Monday 9 October 2017

Reading recap: September

After a dismal August, September turned out to be a slightly better reading month, but only because I cheated. I finished four books, but I read only two of them properly. The other two I had to skim to finish them. I should probably have stuck with my reading list, as that didnt fail me. Also, technically, I finished one of the books in October, but since it took me most of the month to reach the end, I’ll write it down as one for September.

First of the books I began to read was Railhead by Philip Reeve. It’s a young adult book – sort of, I guess, though I never figured out how old the main character was – with an interesting premise that hooked me from the start. A distant future where interstellar travel is done by sentient trains jumping through gates between worlds, and a petty thief who loves to travel on them. He’s lured into stealing something important and everything goes wrong, plunging the entire system into chaos. With such an interesting story, I should’ve managed to read it, but I got stuck half-way. I skimmed the book to the end – fairly carefully – and the story was good to the end and the characters turned out to be more than what they appeared at first. So I think it was a good book. We just weren’t a good match.

Railhead by Philip Reeve

The first book of the month that I actually finished was a stable in my reading diet: the latest Stephanie Plum by Janet Evanovich. Turbo Twenty-three was, as the title suggests, 23rd book in the series, and better than the previous couple of books in the series have been.

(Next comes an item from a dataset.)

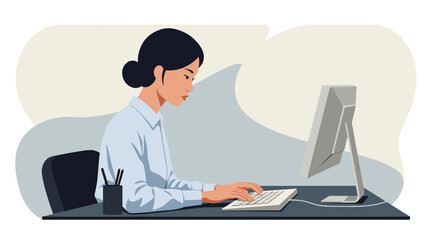 a woman sitting at a desk, focused on using a computer with a keyboard and monitor in front of her. Suitable for landing page, banner, marketing, web design, presentation, infographic, etc.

The crime story was suitably mysterious, the funny bits weren’t a repetition of the same-old, and the author had finally stopped pretending that Stephanie will ever choose between her two lovers, and just allowed her to enjoy the ride. If this trend continues, the series might return to what it used to be: laugh-out funny.

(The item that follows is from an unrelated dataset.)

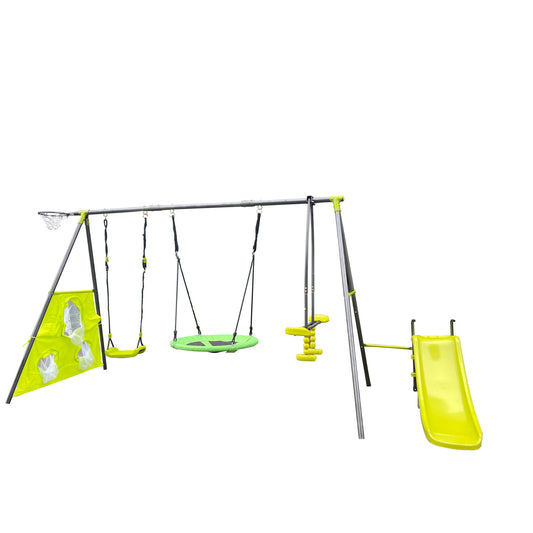 Interesting Six Function Swingset With Net Swing Metal Plastic Safe Swing Set 440Lbs For Outdoor Playground For Age 3+ With 31.5" Net Swing - Gray / Blue Daily Nest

Turbo Twenty-three by Janet Evanovich

The best book of the month by far was, as always, the latest Nalini Singh paranormal romance. Archangel’s Viper is book ten of her Guild Hunter series and told the love story of Venom, a vampire with the poison of snakes running in his veins, and Holly who has been forcefully made a vampire by an insane archangel. Most of the book dealt with Holly’s trauma and her emergence from it, which gave the love story space to grow. I liked the characters and I liked how they were together. The only complaint I have is that the book was slightly out of balance, as the first two thirds of the book was devoted to hunting down the person who wanted to kidnap Holly, which then was completely discarded in favour of a different plot. But since the book otherwise had a satisfying conclusion, I forgave it.

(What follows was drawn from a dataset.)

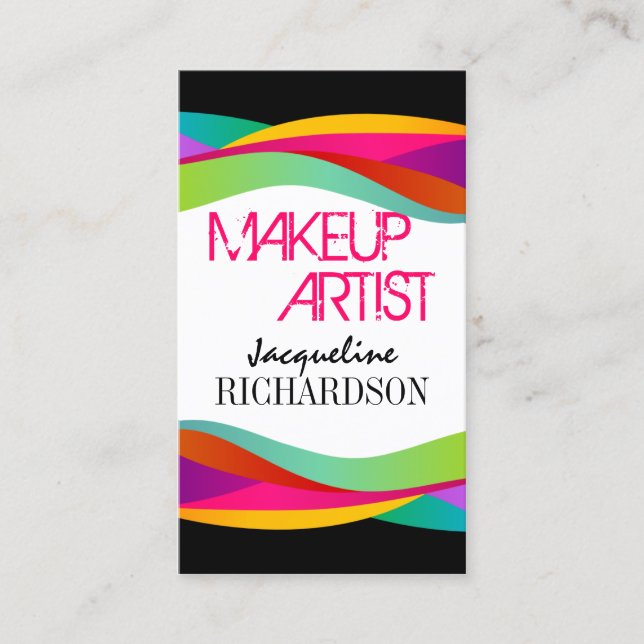 Colourful Swirls Makeup Artist Business Card (Front)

Archangel's Viper by Nalini Singh

Last, and definitely least, is City of Dark Magic by Magnus Flyte, which is a pseudonym for writers Meg Howrey and Christina Lynch. The premise was so promising that I borrowed the second book in the series with the first: a musicologist, Sarah Weston, is invited to Prague after the death of her mentor, only to be caught up in a time-travel mystery. Only, the book had almost nothing to do with it. There was a mystery story that wasn’t about time travel, or interesting for that matter: a US senator who didn’t want her KGB past to come to light. Presumably everything that took place in the mysterious castle where Sarah was invited to, was done by people working for the senator, but I can’t be sure, because I began to skim after reading about half of the book. Nevertheless, that was the most straightforward of the plots, though it only became clear at the end of the book. Then there was a hunt for everything Beethoven, a hunt for a golden fleece, and a really lame love story. At about half-point the book got to the time travelling, which was done by a drug that caused one to experience the energies of the past as if one were there – though how the people of the past were able to react to the energies of the future, I have no idea. Add to that a cast of characters that weren’t in any way interesting – including a long-living dwarf and a blind child prodigy whose role in the book I really didn’t get – and a travel guide’s worth of historical details of Prague and Beethoven, and you have a mighty mess in your hands. Nothing that was told in the set-up of the book had anything to do with the rest of the book, including the death of Sarah’s father, and only one of the plots got some sort of conclusion. I don’t know why I wasted as much time with the book that I did. Needless to say, I will not read the next book.

City of Dark Magic by Magnus Flyte

And that was my reading. I really hope October will turn out to be better.